(Records from a dataset)
---------------

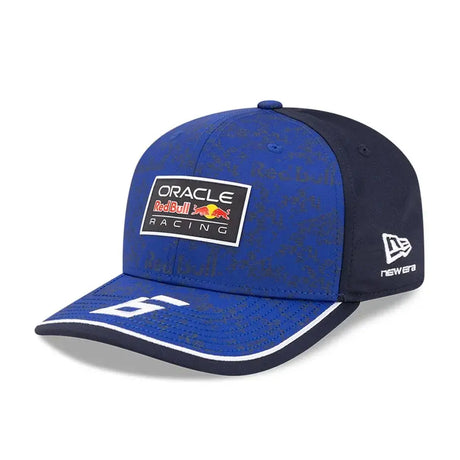 Czapka Red Bull, zespół, Arvid Lindblad, 9SEVENTY, New Era, niebieska, 2026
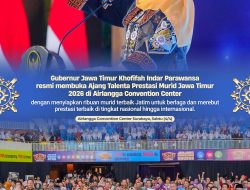 Gubernur Khofifah Buka Ajang Talenta Prestasi Murid Jatim 2026, Ribuan Siswa Siap Berprestasi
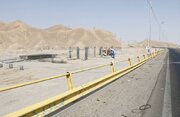 ببینید| | پیشرفت بیش از ۳۵ درصدی ساخت پل حرمک در شمال سیستان و بلوچستان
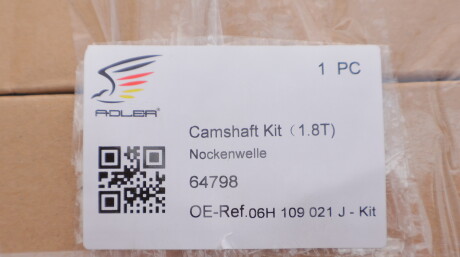 Фото 3 - Автозапчастина ADLER 06H109100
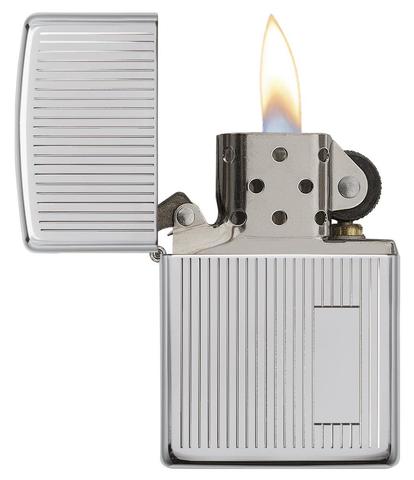 Зажигалка ZIPPO Engine Turn с покрытием High Polish Chrome 350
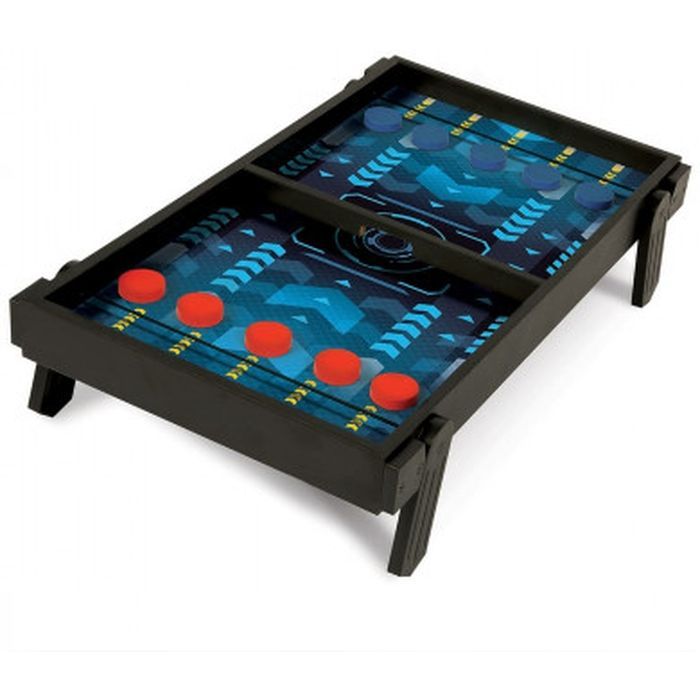 Настольная игра Ambassador 2 в 1 Sling Hockey & Shuffleboard 50 см (укр) (6337474) изображение 3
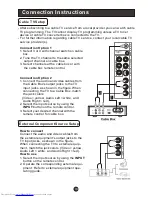 Предварительный просмотр 15 страницы Haier HL22F1 - Designer F-Series - 22" LCD TV User Manual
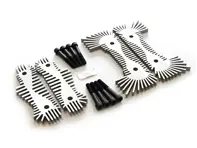 Kit radiatore pinza anteriore e posteriore per 996 Turbo o Carrera 4S con rotori più grandi da 350 mm (non PCCB)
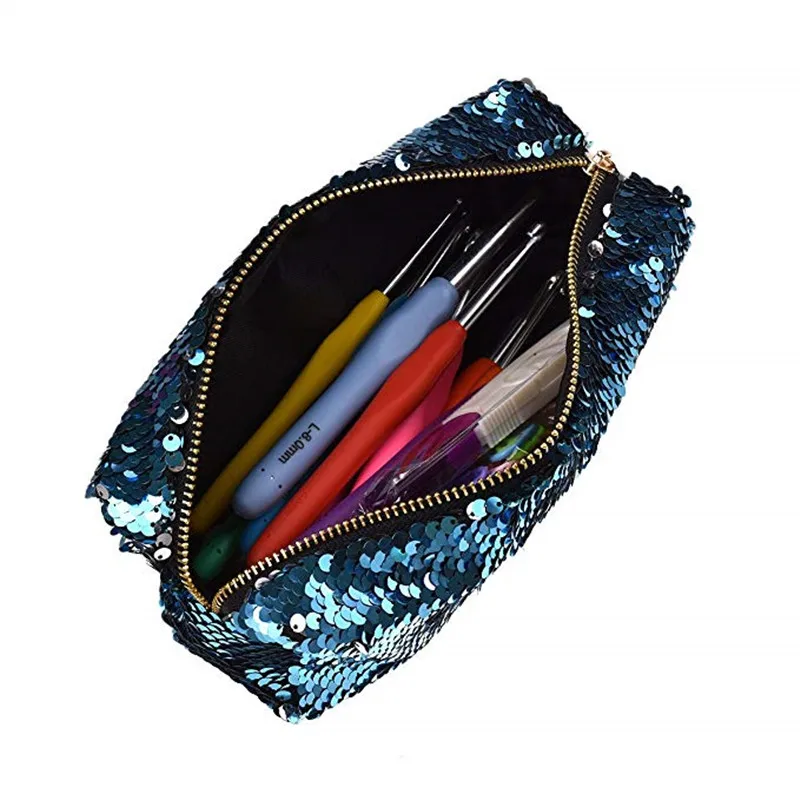 Crochet Hooks Set Ergonomic Handles 2.0-10.0mm Extra Long Rubber Soft Crochet Needles Yarn Weave Knitting Needle For Chunky Yarn (1)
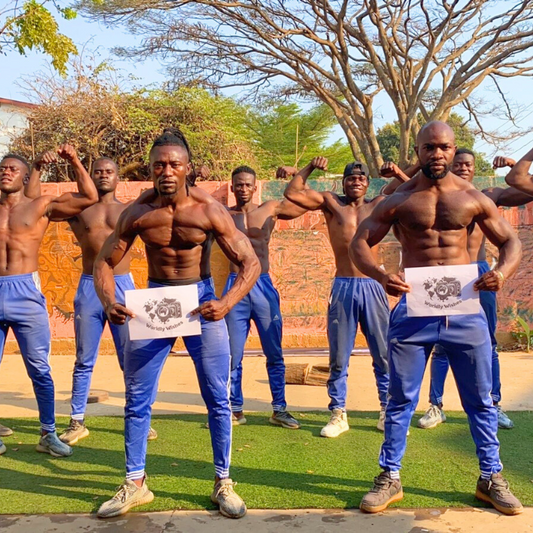 Videobotschaft aus Afrika | Strong Boys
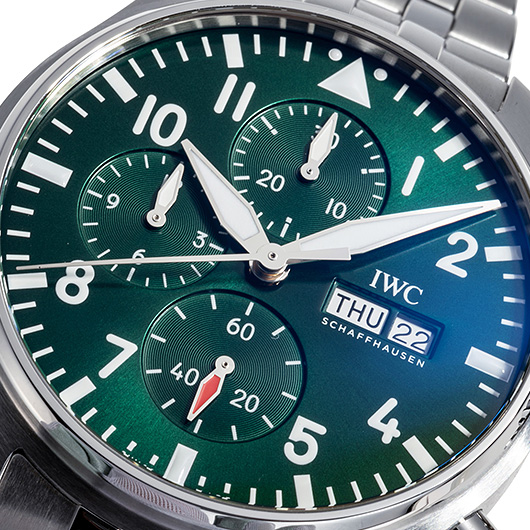 IWC パイロットウォッチ クロノグラフ IW378006 詳細画像 5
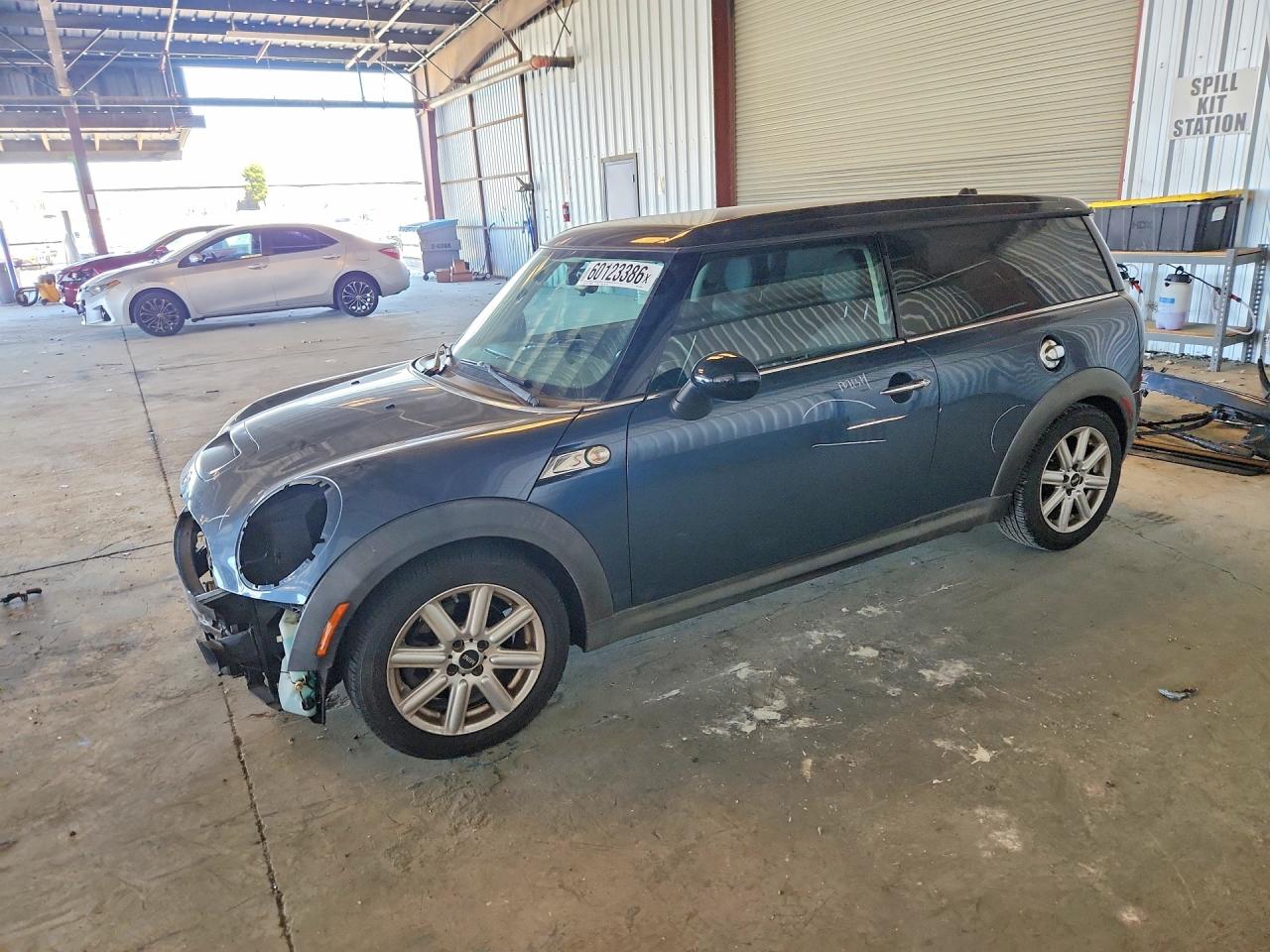 2011 Mini Cooper S Clubman Charcoal vin: WMWZG3C57BTY35300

---------------

▸ **Work to complete**
Write the lines from the one containing "Зажигалка ZIPPO Engine" through the end of the data above exactly as they appear, and do not carry over any picture.

▸ **Task result**
 Зажигалка ZIPPO Engine Turn с покрытием High Polish Chrome 350
 Настольная игра Ambassador 2 в 1 Sling Hockey & Shuffleboard 50 см (укр) (6337474) изображение 3
 Предварительный просмотр 15 страницы Haier HL22F1 - Designer F-Series - 22" LCD TV User Manual
 Kit radiatore pinza anteriore e posteriore per 996 Turbo o Carrera 4S con rotori più grandi da 350 mm (non PCCB)
 Crochet Hooks Set Ergonomic Handles 2.0-10.0mm Extra Long Rubber Soft Crochet Needles Yarn Weave Knitting Needle For Chunky Yarn (1)
 Videobotschaft aus Afrika | Strong Boys
 IWC パイロットウォッチ クロノグラフ IW378006 詳細画像 5
 2011 Mini Cooper S Clubman Charcoal vin: WMWZG3C57BTY35300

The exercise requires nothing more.